Women in Science Profiles
Dr. Barbara Drinovec Drnovsek
There was never any doubt about my favourite school subject. I liked mathematics more than anything else and after secondary school I did not have to think twice to find the right faculty for me. After I had finished my studies in theoretical mathematics, I became a young researcher at the Institute for Mathematics, Physics and Mechanics. The next important step in my life was finishing my MSc degree. After that I stayed at home for a year and laid mathematics aside in order to devote my time entirely to my daughter. Later I became an Assistant at the Faculty of Mathematics and Physics in Ljubljana and started working on my PhD thesis. Two years after my second daughter was born, I have finished my PhD degree.
At present I work at the Faculty of Mathematics and Physics, at the Faculty of Education and at the Institute for Mathematics, Physics and Mechanics. I devote most of my working time to teaching. In contrast to research work, success in teaching is usually proportional to the time and effort you invest in it. In mathematical research, however, this is not necessarily so.

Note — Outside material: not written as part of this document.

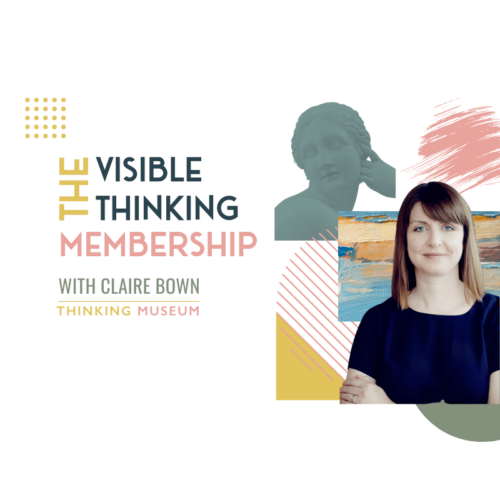 THE VISIBLE THINKING MEMBERSHIP - Monthly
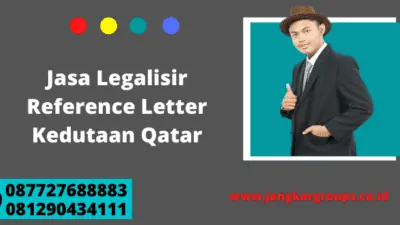 Jasa Legalisir Reference Letter Kedutaan Qatar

My research work is concerned with complex analysis. I study complex analytic subsets in complex spaces. I am a member of the group Analysis and Geometry at the Institute for Mathematics, Physics and Mechanics. Mathematical research is usually carried out individually and articles with more than three authors are more of an exception than a rule. We present our findings to our colleagues at seminars. These are often attended by researchers from abroad who then convey their latest research results to others. Individual achievements are presented at invited lectures at foreign universities. In theoretical mathematics personal contact is the motive power of research – just like a good library, a computer, a pen and a piece of paper.